# Clutch Pedal return spring



## Sloan66 (May 7, 2010)

Where does he return spring attach to on a 66 GTO. I know the one end attaches to the Z bar, but not sure where it attaches to veh. Thanks


----------



## PisnNapalm (Aug 28, 2010)

Here's a pic from one of my manuals. I hope this helps.

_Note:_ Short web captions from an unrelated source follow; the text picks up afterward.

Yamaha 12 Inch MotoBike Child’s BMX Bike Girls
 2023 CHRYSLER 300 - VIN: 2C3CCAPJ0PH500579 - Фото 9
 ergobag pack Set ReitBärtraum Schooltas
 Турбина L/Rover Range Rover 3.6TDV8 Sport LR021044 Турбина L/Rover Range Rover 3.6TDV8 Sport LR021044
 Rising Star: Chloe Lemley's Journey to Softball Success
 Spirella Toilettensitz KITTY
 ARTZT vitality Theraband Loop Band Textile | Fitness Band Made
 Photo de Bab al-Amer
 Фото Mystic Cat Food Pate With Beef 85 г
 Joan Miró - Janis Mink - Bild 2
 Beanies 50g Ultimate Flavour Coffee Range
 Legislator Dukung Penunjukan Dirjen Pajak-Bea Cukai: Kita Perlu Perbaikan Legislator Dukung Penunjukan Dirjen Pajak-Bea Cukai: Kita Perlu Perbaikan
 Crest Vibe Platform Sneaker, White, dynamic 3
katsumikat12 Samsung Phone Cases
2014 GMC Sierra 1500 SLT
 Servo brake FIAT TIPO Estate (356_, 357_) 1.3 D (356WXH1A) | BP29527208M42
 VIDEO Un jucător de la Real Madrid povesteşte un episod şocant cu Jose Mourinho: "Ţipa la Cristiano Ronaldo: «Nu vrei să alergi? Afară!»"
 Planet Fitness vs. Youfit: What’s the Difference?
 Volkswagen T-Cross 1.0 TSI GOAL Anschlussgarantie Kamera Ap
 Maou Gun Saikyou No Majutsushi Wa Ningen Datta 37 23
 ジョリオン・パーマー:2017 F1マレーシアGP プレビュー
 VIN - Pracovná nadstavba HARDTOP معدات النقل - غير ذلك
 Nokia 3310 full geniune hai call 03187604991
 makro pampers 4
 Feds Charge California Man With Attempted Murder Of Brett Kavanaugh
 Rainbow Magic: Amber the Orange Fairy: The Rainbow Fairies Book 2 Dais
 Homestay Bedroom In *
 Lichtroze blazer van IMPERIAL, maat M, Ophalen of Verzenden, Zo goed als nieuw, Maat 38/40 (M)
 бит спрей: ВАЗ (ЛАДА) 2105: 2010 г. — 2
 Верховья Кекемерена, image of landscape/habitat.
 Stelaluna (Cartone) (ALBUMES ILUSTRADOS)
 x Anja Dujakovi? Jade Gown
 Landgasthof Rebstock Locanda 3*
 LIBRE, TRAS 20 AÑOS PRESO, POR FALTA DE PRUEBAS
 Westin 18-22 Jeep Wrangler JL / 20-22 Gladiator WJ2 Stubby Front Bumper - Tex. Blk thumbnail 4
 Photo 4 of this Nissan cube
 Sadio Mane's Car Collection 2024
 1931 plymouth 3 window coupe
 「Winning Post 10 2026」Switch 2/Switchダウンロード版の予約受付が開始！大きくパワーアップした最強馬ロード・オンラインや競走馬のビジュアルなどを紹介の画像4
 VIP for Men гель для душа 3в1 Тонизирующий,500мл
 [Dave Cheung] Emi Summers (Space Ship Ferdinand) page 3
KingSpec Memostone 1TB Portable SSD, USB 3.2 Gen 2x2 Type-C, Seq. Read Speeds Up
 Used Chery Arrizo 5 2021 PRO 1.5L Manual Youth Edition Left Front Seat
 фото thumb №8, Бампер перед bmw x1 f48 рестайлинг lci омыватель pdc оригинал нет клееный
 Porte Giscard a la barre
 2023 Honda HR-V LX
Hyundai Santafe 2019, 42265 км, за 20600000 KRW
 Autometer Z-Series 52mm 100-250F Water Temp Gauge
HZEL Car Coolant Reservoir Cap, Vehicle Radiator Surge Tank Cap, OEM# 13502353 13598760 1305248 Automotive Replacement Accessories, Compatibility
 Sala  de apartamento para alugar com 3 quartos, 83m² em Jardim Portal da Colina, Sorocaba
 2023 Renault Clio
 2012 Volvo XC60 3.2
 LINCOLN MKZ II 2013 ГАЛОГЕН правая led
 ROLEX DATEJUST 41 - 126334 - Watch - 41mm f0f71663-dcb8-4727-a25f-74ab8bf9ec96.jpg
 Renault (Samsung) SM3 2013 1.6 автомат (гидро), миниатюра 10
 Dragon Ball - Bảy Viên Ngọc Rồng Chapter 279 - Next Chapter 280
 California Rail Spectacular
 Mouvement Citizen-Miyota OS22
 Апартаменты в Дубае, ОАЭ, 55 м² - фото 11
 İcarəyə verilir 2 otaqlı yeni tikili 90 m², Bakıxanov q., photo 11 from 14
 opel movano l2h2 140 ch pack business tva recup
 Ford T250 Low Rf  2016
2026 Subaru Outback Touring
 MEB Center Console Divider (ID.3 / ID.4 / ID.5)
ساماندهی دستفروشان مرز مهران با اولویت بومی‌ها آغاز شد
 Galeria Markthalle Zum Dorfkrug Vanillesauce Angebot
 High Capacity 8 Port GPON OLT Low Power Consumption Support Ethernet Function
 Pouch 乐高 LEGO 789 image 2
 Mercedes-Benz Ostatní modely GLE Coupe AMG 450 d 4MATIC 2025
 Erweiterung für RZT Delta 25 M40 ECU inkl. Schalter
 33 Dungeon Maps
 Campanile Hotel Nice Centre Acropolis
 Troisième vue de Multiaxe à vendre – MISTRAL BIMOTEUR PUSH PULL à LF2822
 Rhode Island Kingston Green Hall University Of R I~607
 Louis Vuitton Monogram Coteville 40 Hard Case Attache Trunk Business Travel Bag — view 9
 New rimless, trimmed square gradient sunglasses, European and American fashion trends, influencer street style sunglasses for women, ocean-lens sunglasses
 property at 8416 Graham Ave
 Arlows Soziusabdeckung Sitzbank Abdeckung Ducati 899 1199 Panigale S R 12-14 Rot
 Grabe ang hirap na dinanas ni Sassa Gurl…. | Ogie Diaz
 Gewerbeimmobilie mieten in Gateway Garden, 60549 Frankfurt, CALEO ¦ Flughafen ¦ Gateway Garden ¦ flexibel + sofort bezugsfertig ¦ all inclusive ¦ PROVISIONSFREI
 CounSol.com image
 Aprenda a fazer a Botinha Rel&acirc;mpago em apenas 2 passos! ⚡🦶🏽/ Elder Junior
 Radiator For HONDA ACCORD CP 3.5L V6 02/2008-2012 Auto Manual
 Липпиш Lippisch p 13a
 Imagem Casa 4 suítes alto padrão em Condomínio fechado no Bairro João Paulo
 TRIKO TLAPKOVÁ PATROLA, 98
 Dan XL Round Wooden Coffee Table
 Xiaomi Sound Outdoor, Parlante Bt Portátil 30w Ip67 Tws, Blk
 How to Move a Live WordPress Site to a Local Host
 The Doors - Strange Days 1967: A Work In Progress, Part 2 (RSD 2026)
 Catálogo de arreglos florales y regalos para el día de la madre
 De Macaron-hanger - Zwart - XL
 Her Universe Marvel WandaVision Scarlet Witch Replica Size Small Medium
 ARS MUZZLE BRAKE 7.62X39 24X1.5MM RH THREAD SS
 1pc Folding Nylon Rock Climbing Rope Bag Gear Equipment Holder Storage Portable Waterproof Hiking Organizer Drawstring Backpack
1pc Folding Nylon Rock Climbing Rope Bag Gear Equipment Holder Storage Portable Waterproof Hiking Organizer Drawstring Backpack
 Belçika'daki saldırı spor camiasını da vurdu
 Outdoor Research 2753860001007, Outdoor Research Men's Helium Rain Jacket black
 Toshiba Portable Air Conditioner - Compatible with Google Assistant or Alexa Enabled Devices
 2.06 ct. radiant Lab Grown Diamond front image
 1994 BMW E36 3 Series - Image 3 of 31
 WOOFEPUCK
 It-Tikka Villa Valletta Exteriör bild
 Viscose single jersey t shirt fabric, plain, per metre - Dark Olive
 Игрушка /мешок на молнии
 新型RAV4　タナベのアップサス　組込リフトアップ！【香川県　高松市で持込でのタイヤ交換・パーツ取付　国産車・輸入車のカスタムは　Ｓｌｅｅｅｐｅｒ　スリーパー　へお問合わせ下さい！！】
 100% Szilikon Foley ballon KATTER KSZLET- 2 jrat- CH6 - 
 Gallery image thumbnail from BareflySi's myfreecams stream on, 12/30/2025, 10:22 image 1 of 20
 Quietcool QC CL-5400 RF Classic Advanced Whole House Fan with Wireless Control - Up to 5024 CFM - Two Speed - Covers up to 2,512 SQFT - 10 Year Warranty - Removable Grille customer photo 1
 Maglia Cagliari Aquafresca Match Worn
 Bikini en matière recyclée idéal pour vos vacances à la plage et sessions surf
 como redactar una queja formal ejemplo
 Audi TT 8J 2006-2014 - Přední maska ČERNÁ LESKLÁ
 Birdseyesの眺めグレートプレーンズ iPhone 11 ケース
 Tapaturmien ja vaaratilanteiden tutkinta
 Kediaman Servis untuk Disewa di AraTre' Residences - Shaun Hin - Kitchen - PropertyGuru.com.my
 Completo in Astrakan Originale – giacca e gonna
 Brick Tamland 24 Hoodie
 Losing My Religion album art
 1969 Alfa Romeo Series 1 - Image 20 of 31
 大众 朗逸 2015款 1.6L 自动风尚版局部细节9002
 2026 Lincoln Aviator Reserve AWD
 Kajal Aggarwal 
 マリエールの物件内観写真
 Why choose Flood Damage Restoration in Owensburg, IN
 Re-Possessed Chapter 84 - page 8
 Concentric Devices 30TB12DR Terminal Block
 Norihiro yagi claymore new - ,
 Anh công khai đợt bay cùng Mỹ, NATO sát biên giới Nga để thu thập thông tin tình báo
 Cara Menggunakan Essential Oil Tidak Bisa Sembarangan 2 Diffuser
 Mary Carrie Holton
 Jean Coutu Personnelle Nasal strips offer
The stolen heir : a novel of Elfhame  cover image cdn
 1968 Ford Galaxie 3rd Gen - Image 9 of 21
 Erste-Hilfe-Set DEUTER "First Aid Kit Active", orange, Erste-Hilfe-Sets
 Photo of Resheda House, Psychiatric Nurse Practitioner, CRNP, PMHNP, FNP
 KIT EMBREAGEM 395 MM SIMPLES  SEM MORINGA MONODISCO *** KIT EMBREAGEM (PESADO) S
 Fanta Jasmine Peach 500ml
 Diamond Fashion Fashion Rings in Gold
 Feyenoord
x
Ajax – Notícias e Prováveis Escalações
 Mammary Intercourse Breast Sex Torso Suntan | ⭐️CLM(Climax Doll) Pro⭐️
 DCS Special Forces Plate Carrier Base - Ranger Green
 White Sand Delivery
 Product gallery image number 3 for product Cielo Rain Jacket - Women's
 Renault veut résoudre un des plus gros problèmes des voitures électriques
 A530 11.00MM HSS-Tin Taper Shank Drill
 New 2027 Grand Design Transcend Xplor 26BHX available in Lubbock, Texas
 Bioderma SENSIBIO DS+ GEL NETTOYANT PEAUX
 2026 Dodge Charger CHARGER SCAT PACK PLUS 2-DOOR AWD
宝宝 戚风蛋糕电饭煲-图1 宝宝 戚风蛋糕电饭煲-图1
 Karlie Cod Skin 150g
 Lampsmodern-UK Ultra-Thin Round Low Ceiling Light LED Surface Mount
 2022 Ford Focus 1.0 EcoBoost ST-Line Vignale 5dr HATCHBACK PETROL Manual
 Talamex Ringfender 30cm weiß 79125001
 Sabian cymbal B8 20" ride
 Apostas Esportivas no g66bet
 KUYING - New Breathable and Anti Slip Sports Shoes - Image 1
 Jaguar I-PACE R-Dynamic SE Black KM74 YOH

EDIT:: Dunno how much use that pic is... sorry.


----------



## PisnNapalm (Aug 28, 2010)

Read these forum posts for more info. 

Clutch return spring? - PY Online Forums

Need picture of '66 firewall clutch return spring mount - PY Online Forums

http://forums.performanceyears.com/forums/showpost.php?p=3079732&postcount=6


----------



## Sloan66 (May 7, 2010)

Thanks guy, great info, really appreciate the photos!


----------



## the65gto (Oct 9, 2008)

Sloan66 said:


> Where does he return spring attach to on a 66 GTO. I know the one end attaches to the Z bar, but not sure where it attaches to veh. Thanks


On my 65, I had to modify my spring attachment due to the fact that one header pipe was dead center to the normal attachment point. Used a metal coat hanger to extend it about 2". Been working for about 10 years..


----------